7th of March 2019

5 Things to consider before getting a breast reduction

1. Choice of Surgeon.

When considering Breast Reduction Surgery always do your homework.  Take the time to seek a second opinion.  Choose a fully qualified Plastic Surgeon who is a Fellow of the Royal Australasian College of Surgeons.  A surgeon who specialises in Breast Reduction surgery, who has performed this surgery for more than 10 years.  Who works in an accredited hospital with a regular team of specialist anaesthetists.


2. Body Mass Index – BMI.

Is your weight stable ?  If you are overweight, your risks of complications increases.  That is the risk of wound infections, wound breakdown and all of the anaesthetic potential complications.  Sometimes weight loss makes no difference to breast cup size.  That’s OK.  Its all about optimising all variable factors that affect your outcome.


3. Breast Feeding.

Timing in life is very important.  Not everyone can breastfeed in life.  Having any form of breast surgery can limit your ability to breast feed.  The Lejour technique can improve your chances of successfully breast feeding compared with other techniques.
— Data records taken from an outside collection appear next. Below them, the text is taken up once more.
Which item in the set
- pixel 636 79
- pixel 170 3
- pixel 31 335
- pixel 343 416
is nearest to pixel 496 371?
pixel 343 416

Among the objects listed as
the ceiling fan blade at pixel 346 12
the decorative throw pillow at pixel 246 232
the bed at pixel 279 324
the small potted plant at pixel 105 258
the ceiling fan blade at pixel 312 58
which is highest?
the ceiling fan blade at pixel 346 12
If your symptoms of neck and back pain are limiting your wellbeing and you are not planning on having children for more than 5 years then the benefits of Breast Reduction surgery may out weight the possible risk of not being able to breast feed.  At the end of the day, the choice is yours.


4. Timing.

The more planning that goes into this operation, the better you will cope.  Most women need 3 weeks off work (depending on the type of work).  Your emotional stability is very important.  This is a once in a lifetime operation.  It is not to be rushed into.  You will need emotional support.


5. Private Health Insurance.

Although private health insurance is not absolutely necessary, it is preferable.  Any type of insurance is a personal preference.  You will need to read the fine print of any insurance policy and ensure the policy covers Breast Reduction surgery.  You will need to consider the 12 month waiting period.